The fashion retailer said an independent investigation into alleged misconduct by former CEO Ray Kelvin, who resigned in March following allegations that he had kissed employees’ ears and had “always wanted a hug from every member of staff”, found the company’s HR policies and procedures needed to align with “current best practice”.
In statement, Ted Baker said law firm Herbert Smith Freehills (HSF), which conducted the workplace investigation, interviewed current and former employees and identified “several areas of improvement” – the details of which have not yet been made public.
It said the action being taken included:
- maintaining an independent and confidential whistleblowing hotline for staff to raise complaints of harassment or inappropriate behaviour
- retraining all staff on HR policies and procedures and acceptable workplace conduct, and
- enhancing the board’s oversight of people and culture matters with a designated non-executive director for engagement.
“We are determined to learn from this process and, moving forward, cultivate a better environment for all employees where they always feel respected and valued,” said executive chairman David Bernstein.
“We are implementing changes and improvements and are committed to developing best-practice HR policies and procedures that reflect the Ted culture we are looking to develop and enhance in the future.
“One of Ted Baker’s greatest strengths is its people.
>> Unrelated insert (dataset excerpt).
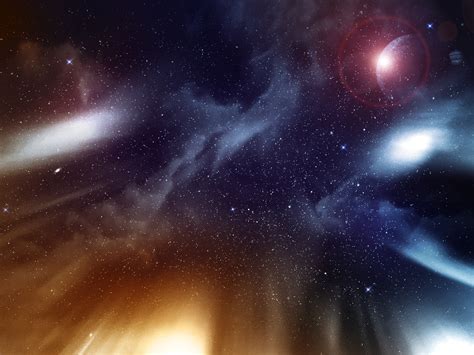 Galaxy Background With Free Space Texture (Clouds-And-Sky) | Textures ...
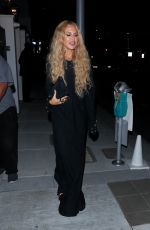 RACHEL ZOE Leaves Chez Mia After Dinner in West Hollywood 10/05/2024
I would like to thank our team for their co-operation and input during this process and for their continued hard work and commitment. I am confident that this skilled and dedicated team will continue to drive the Ted Baker brand forward.”
The retailer has come under pressure from shareholders to reveal the specific details of the investigation. According to the Guardian, some of its biggest shareholders have raised concerns that the lack of transparency means that the company’s owners are not able to judge its exposure to reputational risks.
One said: “It’s one thing to suspend the founder. The other thing is, is there any legal risk for the group?”
The allegations against Kelvin came to light after a petition launched last year called for an end to the “forced hugging” culture. It also claimed Ted Baker’s HR team did “nothing” with reports of harassment.